Page 65 of Untamed Thirst


Font Size:

The door behind me opens.

I turn.

Two guards come through it, and between them—hands bound, jaw set, a cut above his eye still fresh—is Timur.

The room goes very quiet.

Timur’s eyes find mine and hold them. His face has taken serious damage—I can see that even in the low light. But he’s upright, jaw set, and the look he gives me carries everything we can’t say out loud.

Blyad.

Sophia is pregnant. He needs to walk out of here.

“This fucker took out three of my best men outside.” Aslanov’s voice has shed its pleasantness. “After you gave me your word you’d come alone.” He lets that sit for a moment. “You’re still the same, Nikolai. A lying piece of shit. You haven’t changed at all.”

I stay quiet.

He remains still for a moment, then moves back toward the center of the room, unhurried, and turns to face me fully. The performance is over. What’s underneath it is quieter and considerably more dangerous.

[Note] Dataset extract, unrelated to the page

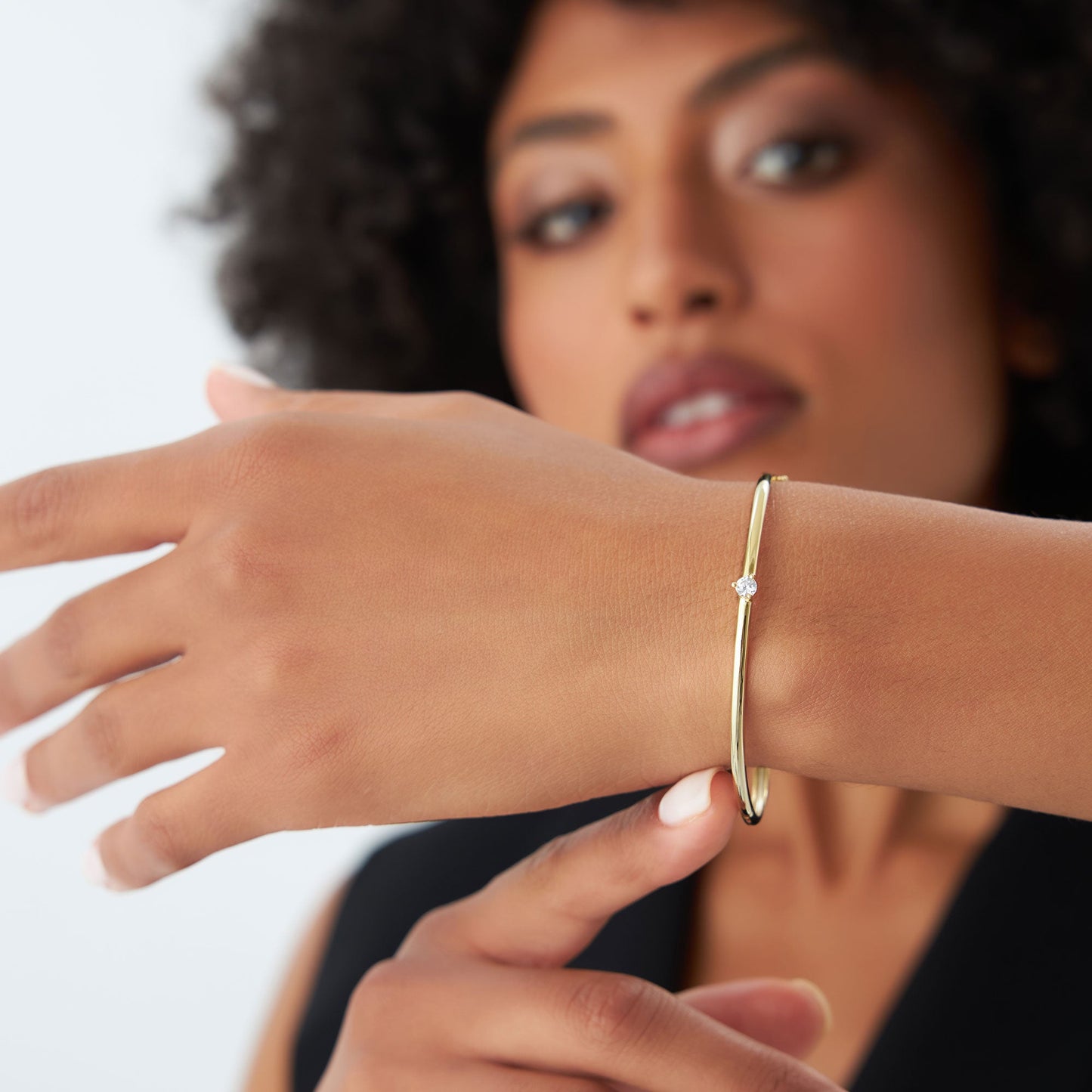 14k Solitaire Diamond Bangle Bracelet 0.10 - 0.30 ctw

“Give me one good reason to let your daughter go.”

The room holds still around the question.

I have nothing to offer him that he wants. No leverage, no negotiation, no argument he hasn’t already anticipated. He’s had four years to prepare for this confrontation and I’ve had twenty-four hours. He knows that. The question isn’t a genuine inquiry—it’s a demonstration. He wants me to stand here and find nothing, and understand what that means.

I keep my eyes on him.

Somewhere behind Aslanov, Hannah is watching me. I don’t look at her. Looking at her right now is the one thing I can’t afford. Not when my fucking heart is breaking for her. Not when we’re this spectacularly fucked.

Everything is riding on Popov now.

Either he moves when I need him to, or he doesn’t—and I’ll find out which one it is when it happens.

I hold Aslanov’s gaze and wait for the final blow.

Chapter Twenty-Nine

Nikolai

I look at Hannah.

My sweet girl.

The tape is still across her mouth, the overhead light washing her out. She’s watching me with eyes that are trying very hard to be brave and not quite managing it, and the effort of that—a four-year-old working that hard to hold herself together in a room full of armed men—does something to me I don’t have room to feel right now.

I look away before it shows.

My father was many things, most of them worth forgetting. But he knew how to survive rooms like this one, and his logic was simple: you fight for what you want or you die trying. And if you have a plan B, you use it before they take it from you.

Time for plan B.

“That’s enough stalling, Niko.” Aslanov’s voice has shed the last of its performance. Just the flat patience of a man who has already decided how this ends and is waiting for the formality to catch up. “Any last words?”

I look him in the eye. “You have a light?”

“A what?” Aslanov hitches a brow.

I don’t answer. I slowly reach into my pocket instead.